- Native to: Australia
- Region: Daly River
- Ethnicity: Marrithiyal people, Maridan, Mariamo, Maridjabin, Marijedi
- Native speakers: 15 (2016 census)
- Language family: Western Daly Marrithiyel;
- Dialects: Marri Ammu; Marritjevin; Marridan; Marramanindjdji; Marrithiyel;

Language codes
- ISO 639-3: Variously: mfr – Marrithiyel xru – Marriammu zmj – Maridjabin zmd – Maridan zmy – Mariyedi
- Glottolog: mari1420
- AIATSIS: N7
- ELP: Marrithiyel
- Marriammu
- Maridjabin
- Maridan
- Mariyedi
- Marrithiyel is classified as Critically Endangered by the UNESCO Atlas of the World's Languages in Danger.

= Marrithiyel language =

Endangered Aboriginal language spoken in Australia's Northern Territory

Marrithiyel (Marithiel, also Maridhiel, Maridhiyel), also known as Berringen (Bringen, Brinken), is an Australian Aboriginal language spoken by the Marrithiyal people.

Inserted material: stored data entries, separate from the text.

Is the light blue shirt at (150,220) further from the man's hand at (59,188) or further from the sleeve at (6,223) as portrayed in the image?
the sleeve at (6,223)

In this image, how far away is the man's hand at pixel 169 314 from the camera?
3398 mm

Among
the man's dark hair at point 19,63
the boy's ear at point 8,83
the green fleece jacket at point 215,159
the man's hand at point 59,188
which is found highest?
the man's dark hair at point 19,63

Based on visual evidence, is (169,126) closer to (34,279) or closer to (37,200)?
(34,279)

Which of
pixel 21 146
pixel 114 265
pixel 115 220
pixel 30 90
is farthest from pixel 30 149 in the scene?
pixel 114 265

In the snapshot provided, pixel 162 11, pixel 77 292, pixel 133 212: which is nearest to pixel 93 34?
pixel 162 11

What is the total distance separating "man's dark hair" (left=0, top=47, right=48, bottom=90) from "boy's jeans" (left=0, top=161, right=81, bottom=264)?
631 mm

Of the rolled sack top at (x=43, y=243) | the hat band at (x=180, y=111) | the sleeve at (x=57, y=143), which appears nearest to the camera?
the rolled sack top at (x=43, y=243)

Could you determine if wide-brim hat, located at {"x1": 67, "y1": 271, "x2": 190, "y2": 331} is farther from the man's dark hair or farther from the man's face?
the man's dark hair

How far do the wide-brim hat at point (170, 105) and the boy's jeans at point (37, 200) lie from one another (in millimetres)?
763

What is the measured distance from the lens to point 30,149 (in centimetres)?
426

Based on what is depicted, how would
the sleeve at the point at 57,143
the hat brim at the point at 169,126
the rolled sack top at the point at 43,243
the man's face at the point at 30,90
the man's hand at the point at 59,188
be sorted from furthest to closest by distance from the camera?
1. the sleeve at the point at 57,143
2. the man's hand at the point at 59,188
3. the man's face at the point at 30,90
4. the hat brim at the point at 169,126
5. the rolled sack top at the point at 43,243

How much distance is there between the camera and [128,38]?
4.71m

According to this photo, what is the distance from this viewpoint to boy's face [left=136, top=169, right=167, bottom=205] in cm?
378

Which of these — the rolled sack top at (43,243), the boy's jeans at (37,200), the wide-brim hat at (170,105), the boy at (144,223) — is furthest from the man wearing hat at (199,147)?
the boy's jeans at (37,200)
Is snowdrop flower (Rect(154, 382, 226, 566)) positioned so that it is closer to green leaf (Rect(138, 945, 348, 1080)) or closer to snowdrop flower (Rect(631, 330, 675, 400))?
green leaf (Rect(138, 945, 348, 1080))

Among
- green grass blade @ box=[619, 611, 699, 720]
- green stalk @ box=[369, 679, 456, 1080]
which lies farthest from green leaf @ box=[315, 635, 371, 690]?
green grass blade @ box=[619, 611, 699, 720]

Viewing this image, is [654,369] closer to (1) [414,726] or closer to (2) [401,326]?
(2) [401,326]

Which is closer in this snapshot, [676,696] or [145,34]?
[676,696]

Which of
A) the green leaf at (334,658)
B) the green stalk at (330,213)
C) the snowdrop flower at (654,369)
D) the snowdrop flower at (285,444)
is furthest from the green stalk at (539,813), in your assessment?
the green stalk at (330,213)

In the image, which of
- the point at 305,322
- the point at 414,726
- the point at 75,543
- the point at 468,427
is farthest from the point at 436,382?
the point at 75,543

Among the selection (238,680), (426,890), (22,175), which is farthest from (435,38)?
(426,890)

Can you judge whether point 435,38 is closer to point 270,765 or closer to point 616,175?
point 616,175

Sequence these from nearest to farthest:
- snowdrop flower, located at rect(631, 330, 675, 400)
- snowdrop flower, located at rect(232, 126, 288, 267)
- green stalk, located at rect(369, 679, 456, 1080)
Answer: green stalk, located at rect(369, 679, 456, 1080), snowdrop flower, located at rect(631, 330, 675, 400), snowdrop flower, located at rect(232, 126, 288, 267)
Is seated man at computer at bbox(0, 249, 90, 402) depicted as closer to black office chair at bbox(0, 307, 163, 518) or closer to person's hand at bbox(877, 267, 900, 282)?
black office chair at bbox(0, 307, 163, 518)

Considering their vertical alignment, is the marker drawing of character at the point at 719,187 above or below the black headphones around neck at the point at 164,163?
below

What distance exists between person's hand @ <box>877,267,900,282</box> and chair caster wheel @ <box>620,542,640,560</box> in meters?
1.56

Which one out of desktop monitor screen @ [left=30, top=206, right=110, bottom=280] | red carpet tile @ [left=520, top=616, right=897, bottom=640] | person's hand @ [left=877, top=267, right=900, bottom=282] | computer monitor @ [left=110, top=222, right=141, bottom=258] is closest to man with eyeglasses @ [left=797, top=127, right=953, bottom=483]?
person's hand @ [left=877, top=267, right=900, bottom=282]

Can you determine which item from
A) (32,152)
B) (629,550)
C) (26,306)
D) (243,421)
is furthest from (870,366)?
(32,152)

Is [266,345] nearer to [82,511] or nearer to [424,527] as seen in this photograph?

Dialects besides Marrithiyel proper are Nganygit, Marri Amu (Marriammu, Mare-Ammu), Maridjabin (Maredyerbin, Maretyabin, Maridyerbin, Maritjabin), Marridan (Meradan), and Mariyedi.

The Marri Amu dialect is part of a language revival project to save critically endangered languages.
As of 2020, Marri Amu is one of 20 languages prioritised as part of the Priority Languages Support Project, being undertaken by First Languages Australia and funded by the Department of Communications and the Arts. The project aims to "identify and document critically-endangered languages — those languages for which little or no documentation exists, where no recordings have previously been made, but where there are living speakers".

==Phonology==

=== Consonants ===

|  | Labial | Velar | Dental/ Alveolar | Palatal/ Retroflex |
|---|---|---|---|---|
| Stop | p | k | t | c |
| Nasal | m | ŋ | n | ɲ |
| Fricative |  |  | θ | ʂ |
| Trill/Flap |  |  | ɾ~r |  |
| Lateral |  |  | l |  |
| Approximant | w |  | ɹ̠ | j |

- Retroflex sounds /ɳ ɭ/ may have also been recorded.
- Alveolar sound /t/ may also be heard as [ʈ].
- A dental fricative /θ/ can also be heard as a stop [t̪].

=== Vowels ===

|  | Front | Central | Back |
|---|---|---|---|
| High | i |  | u |
| Mid | ɛ | (ɜ) |  |
| Low |  | a |  |

- An additional central vowel [ɜ] is also heard among dialects.
- /i u/ can also be heard as [ɪ ʊ].
- /u/ may also have an allophone of [ɔ].
- /a/ can have front and central allophones of [a ɒ].